__DATA SHOWN__.
▶
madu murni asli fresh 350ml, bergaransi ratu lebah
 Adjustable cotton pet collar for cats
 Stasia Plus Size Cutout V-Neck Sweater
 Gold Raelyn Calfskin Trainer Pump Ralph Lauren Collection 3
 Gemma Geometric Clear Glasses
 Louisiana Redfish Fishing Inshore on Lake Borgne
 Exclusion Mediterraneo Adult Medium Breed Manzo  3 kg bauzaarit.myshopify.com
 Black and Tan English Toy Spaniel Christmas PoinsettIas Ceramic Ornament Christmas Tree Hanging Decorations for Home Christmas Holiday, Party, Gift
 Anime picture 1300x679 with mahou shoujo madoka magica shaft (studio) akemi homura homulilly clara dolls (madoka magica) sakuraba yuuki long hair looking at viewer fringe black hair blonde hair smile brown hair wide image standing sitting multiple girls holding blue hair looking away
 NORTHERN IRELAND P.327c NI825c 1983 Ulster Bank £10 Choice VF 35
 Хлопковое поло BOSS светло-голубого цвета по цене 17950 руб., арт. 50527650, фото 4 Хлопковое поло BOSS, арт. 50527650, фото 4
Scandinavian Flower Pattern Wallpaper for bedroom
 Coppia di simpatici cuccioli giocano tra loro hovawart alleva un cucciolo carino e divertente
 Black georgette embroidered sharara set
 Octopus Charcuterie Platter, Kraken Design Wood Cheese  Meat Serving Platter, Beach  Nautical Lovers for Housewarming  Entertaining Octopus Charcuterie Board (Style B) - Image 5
◀
__DIRECTIONS__.
The data above is to be given again, with every line exact.

__ANSWER BOX__.
madu murni asli fresh 350ml, bergaransi ratu lebah
 Adjustable cotton pet collar for cats
 Stasia Plus Size Cutout V-Neck Sweater
 Gold Raelyn Calfskin Trainer Pump Ralph Lauren Collection 3
 Gemma Geometric Clear Glasses
 Louisiana Redfish Fishing Inshore on Lake Borgne
 Exclusion Mediterraneo Adult Medium Breed Manzo  3 kg bauzaarit.myshopify.com
 Black and Tan English Toy Spaniel Christmas PoinsettIas Ceramic Ornament Christmas Tree Hanging Decorations for Home Christmas Holiday, Party, Gift
 Anime picture 1300x679 with mahou shoujo madoka magica shaft (studio) akemi homura homulilly clara dolls (madoka magica) sakuraba yuuki long hair looking at viewer fringe black hair blonde hair smile brown hair wide image standing sitting multiple girls holding blue hair looking away
 NORTHERN IRELAND P.327c NI825c 1983 Ulster Bank £10 Choice VF 35
 Хлопковое поло BOSS светло-голубого цвета по цене 17950 руб., арт. 50527650, фото 4 Хлопковое поло BOSS, арт. 50527650, фото 4
Scandinavian Flower Pattern Wallpaper for bedroom
 Coppia di simpatici cuccioli giocano tra loro hovawart alleva un cucciolo carino e divertente
 Black georgette embroidered sharara set
 Octopus Charcuterie Platter, Kraken Design Wood Cheese  Meat Serving Platter, Beach  Nautical Lovers for Housewarming  Entertaining Octopus Charcuterie Board (Style B) - Image 5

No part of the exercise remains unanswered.